Lokomotif Uap D14 : Si Hitam yang Serba Guna

Penulis: Nevy Eka Pattiruhu*

Begandring.com-Berkunjung ke kota Solo pada akhir pekan, mungkin anda akan beruntung apabila tengah melintas di Jl. Slamet Riyadi berpapasan dengan sebuah rangkaian kereta kuno yang berjalan anggun membelah keramaian kota bak model berparas ayu yang menyita perhatian banyak mata.

Lokomotif D1410 di Depo Purwosari, Solo. Foto: Dok. Pribadi

Kereta kuno berjuluk “Sepur Kluthuk Jaladara” tersebut telah eksis selama lebih dari 1 dasawarsa, persisnya sejak tahun 2009 di era presiden Joko Widodo masih menjabat sebagai walikota Solo. Tujuannya jelas, diproyeksikan sebagai ikon pariwisata kota yang ternyata sukses hingga kini.

Sepur Jaladara memiliki rute dari stasiun Purwosari ke stasiun Solo Kota (akrab juga disebut stasiun Sangkrah) berjarak 6 km dengan total durasi perjalanan pergi – pulang selama 2 – 2½ jam.

Yang paling menarik selain adanya 2 kereta penumpang kayu klasik sebenarnya adalah dimana rangkaian kereta wisata itu dihela oleh sebuah lokomotif uap bernomer D1410. Lokomotif berbodi bongsor tersebut usianya juga tak lagi muda, tahun 2023 ini ia menginjak usia 102 tahun!

Usia yang telah membawanya ke banyak lika-liku jaman. Dahulu ia tak sendiri, D1410 adalah unit ke 10 dari 24 lokomotif sejenis yang pernah didatangkan dari Eropa untuk perusahaan KA negara bernama “Staatsspoorwegen” di Hindia – Belanda.

Sejarah mencatat, 24 lokomotif seri D14 adalah lokomotif yang diproduksi oleh 2 pabrikan mesin bernama Hanomag, Jerman dan Werkspoor, Belanda. Tender pengerjaannya dibagi masing – masing 12 unit/pabrikan yang ditunjuk oleh Departemen Urusan Wilayah Jajahan (Departement van Kolonien) di Den Haag, Belanda. Namun desain aslinya digarap Hanomag, sementara Werkspoor membuatnya berdasarkan lisensi yang disediakan pihak Jerman.
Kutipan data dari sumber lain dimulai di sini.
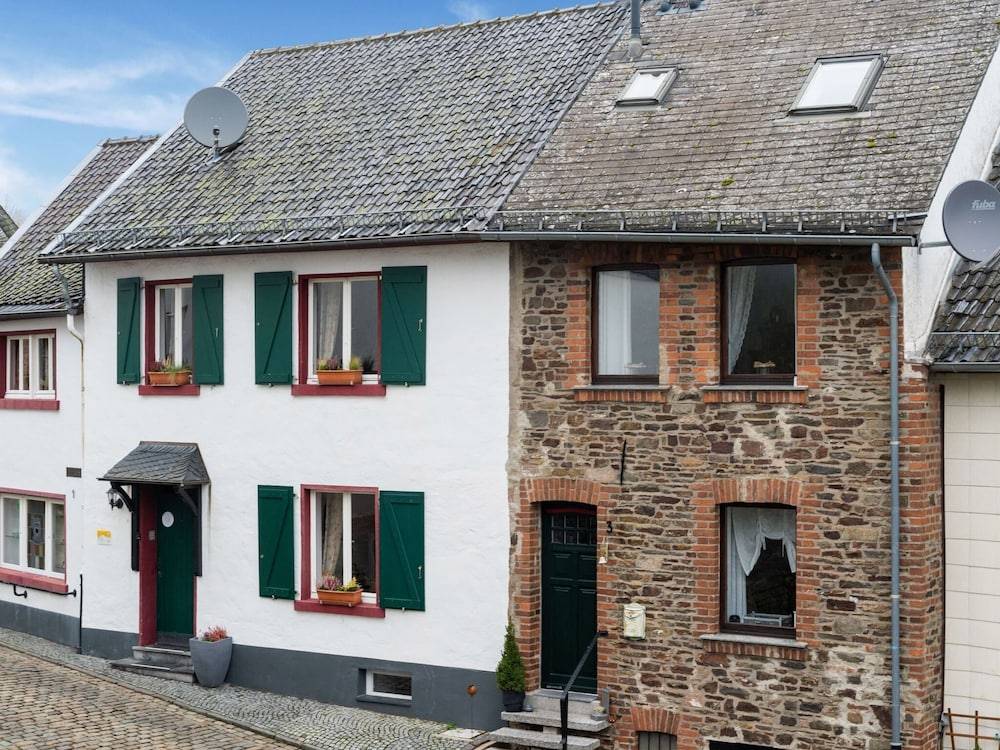 Apartment in Reifferscheid With Forest Trails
Selusin pertama datang pada tahun 1921 dari Hanomag yang diberi Staatsspoorwegen atau SS nomer seri 1401 – 1412, disusul tahun 1922 dari Belanda yang terdaftar sebagai lokomotif seri 1413 – 1424.

Baca Juga  65.946 Pelajar Surabaya Pecahkan Rekor Muri Tari Remo Massal

Perlu dicatat, penomeran awal ini merupakan klasifikasi sarana traksi uap menurut sistem SS yaitu seri 1400 (dibaca; seribu empat ratus), huruf “D” pada seri “D14” (D-empat belas) adalah penomeran lokomotif era pendudukan Jepang berdasarkan jumlah roda penggerak utama lokomotif yaitu 4 pasang roda. Uniknya angka “14”-nya tidak berubah, hanya cara membacanya yang berbeda.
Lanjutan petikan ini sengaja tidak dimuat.